= Gŵyl Mabsant =

A Gŵyl Mabsant (Welsh for "Feast of the Patron"), also known as the patronal festival or Wake of a parish, is a traditional Welsh festival held annually in commemoration of the patron saint of a parish. Prior to 1752, the corresponding fair was reckoned by the Saint's Day according to tradition or to the official Catholic or Anglican Calendar of Saints; following the shift to New Style dating, however, the fair was reckoned eleven days later. (For example, St. Teilo's Fair in Llandeilo was originally held on 9 February but came to be held on the 20th.) By the 19th century, the fair often began on the following Sunday and then lasted between three days and a week.

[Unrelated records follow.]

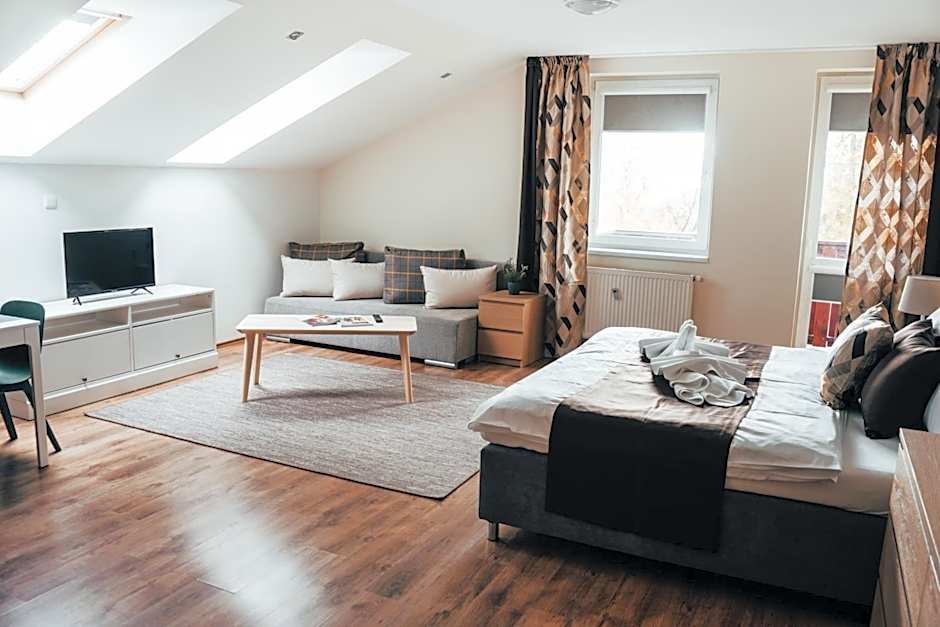 APLEND Tatry Holiday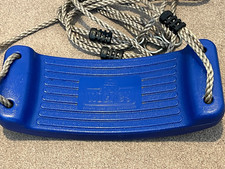 Wickey Swing Seat for climbing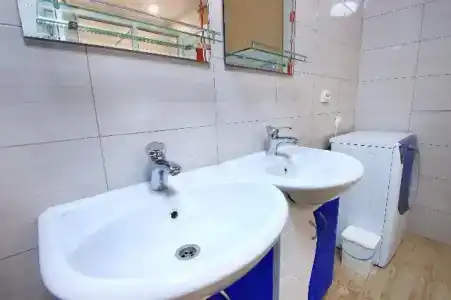 Гостиница - Hostel67 - 3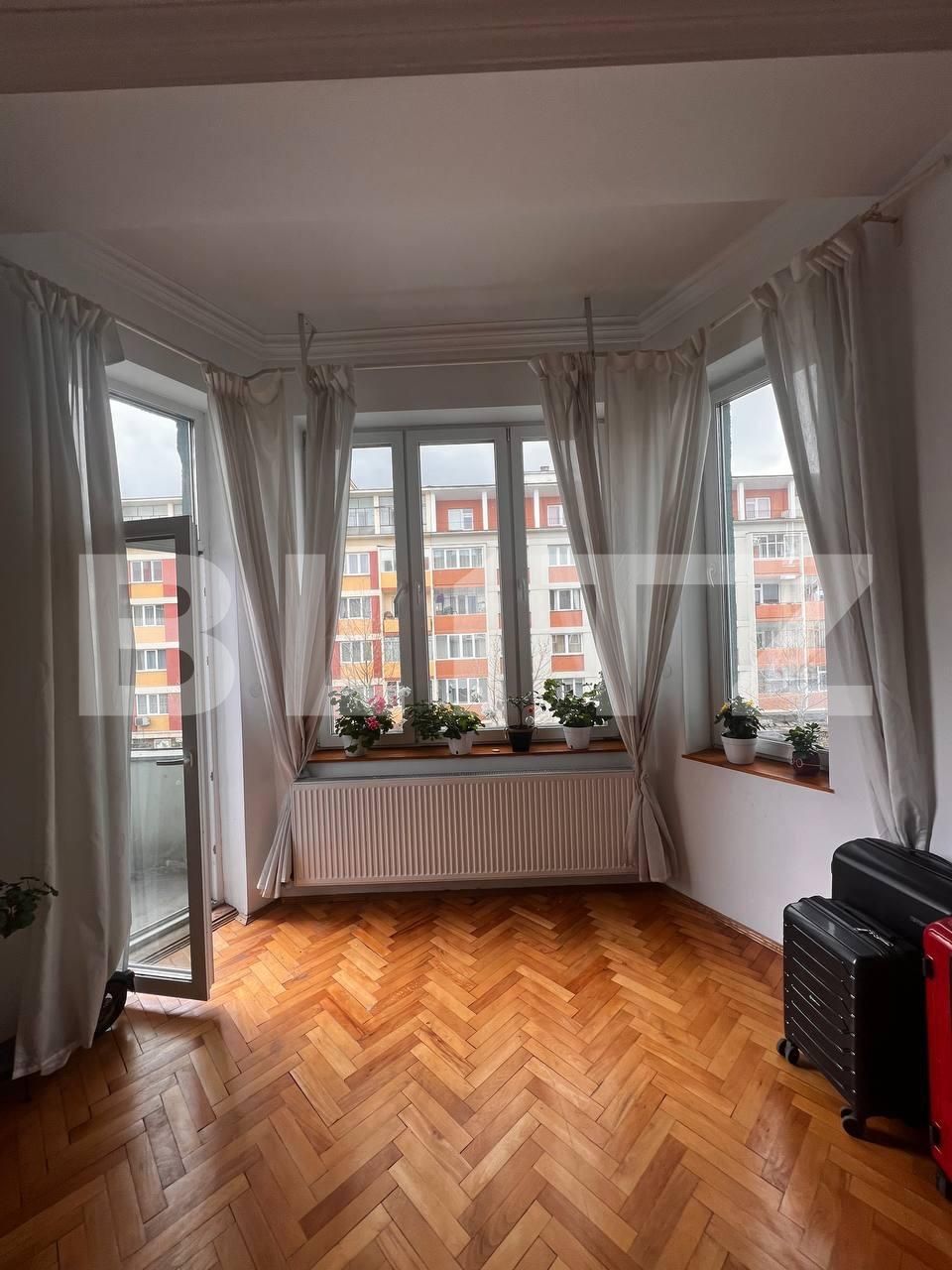 Apartament de închiriat 3 camere Central - 27877AI | BLITZ Cluj-Napoca | Poza8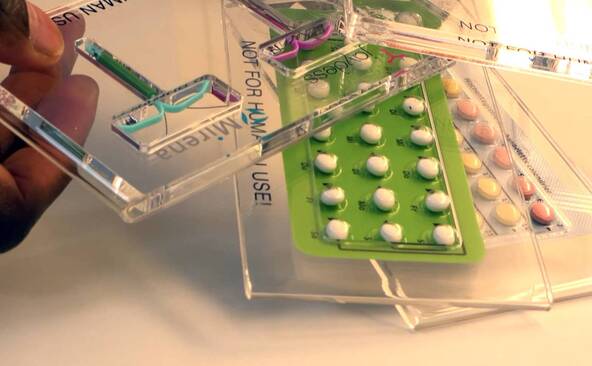 Contraception gratuite à Genève: après le oui, la bataille sur sa mise en œuvre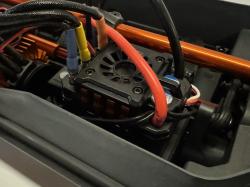 DF models RC auto Z-10 Competition Truggy BL brushless RTR 1:10 XL + sleva 1000,- na příslušenství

By that time, the Reformation had already removed the religious solemnities formerly observed and replaced them with programmes of recreational activities. Owing to the combination of betting, feasting, and drinking, parish festivals built up a reputation for their rowdiness. The local, rural nature of the fairs also occasioned many variations in the rules of the contests, leading to disagreements between parishes. The fairs had mostly died out by the 1860s.

==Customs==
- Cockfighting: Birds were specially trained for the contest and the owner of a victorious cockerel was held in high esteem; large amounts of money could be wagered on the outcome of the fights.
- Grinning Matches: For old women
- Eating Hot Pudding
- Bando: A team sport, similar to the modern game of field hockey; teams used clubs to strike a ball towards a goal. It continued in some areas until the late 19th century and was particularly popular in Glamorgan.